GridPP Inefficient Jobs Policy
Full Policy Document(Version 18 March 2008)
All UK sites are given flexibility to deal with stalled jobs (in order that their CPUs are occupied more fully overall) according to the following stalled job definition:
Any job consuming <10 minutes CPU over a given 6 hour period (efficiency < 0.027) is considered stalled.
The following intervention scheme should be applied:
- Either
- If the site identifies that the problem is due to a well known problem, e.g., a hanging lcg-cp command, then the jobs may be deleted at once, with the user or VO being informed of the problem. (Note, the site should attempt to identify the SE, SURL or LFN involved to help debug the underlying data management issue).
- Or
- In cases where the reasons for stalling are not obvious (e.g. a binary just hanging), sites should contact users or VO production teams informing them of the number of stalled jobs at a site, providing as much information as possible to help debug the problem. (An example of such an email is given in Appendix 1 of the full Policy).
In this case
- The user or VO should respond within 6 hours, stating whether the site should simply delete the jobs or take further debugging steps.
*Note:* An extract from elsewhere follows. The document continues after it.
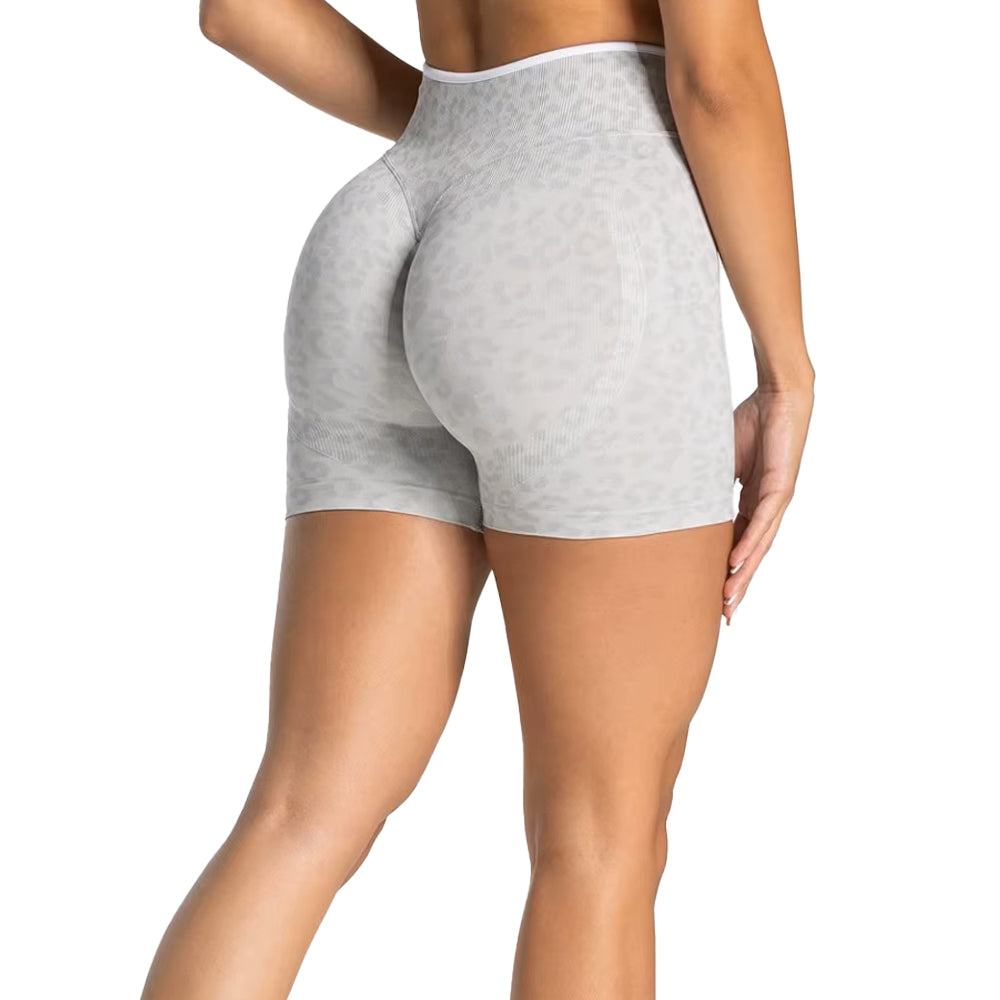 Gray shorts worn by a person on a white background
- If no response is received within 6 hours the site may delete the jobs, informing the user of the action taken.
If no contact is possible with the user or VO because this information is unavailable then the site may delete the stalled jobs from the batch system immediately. If more than 20 jobs are deleted in any 24 hour period this way by the site then the site should raise a GGUS ticket against the user or VO for future reference.
The Production Manager should be informed of any issues that arise in implementing this draft policy.
Future policy and all inefficient job parameters will be reviewed on an annual review basis in ~March by the DTeam.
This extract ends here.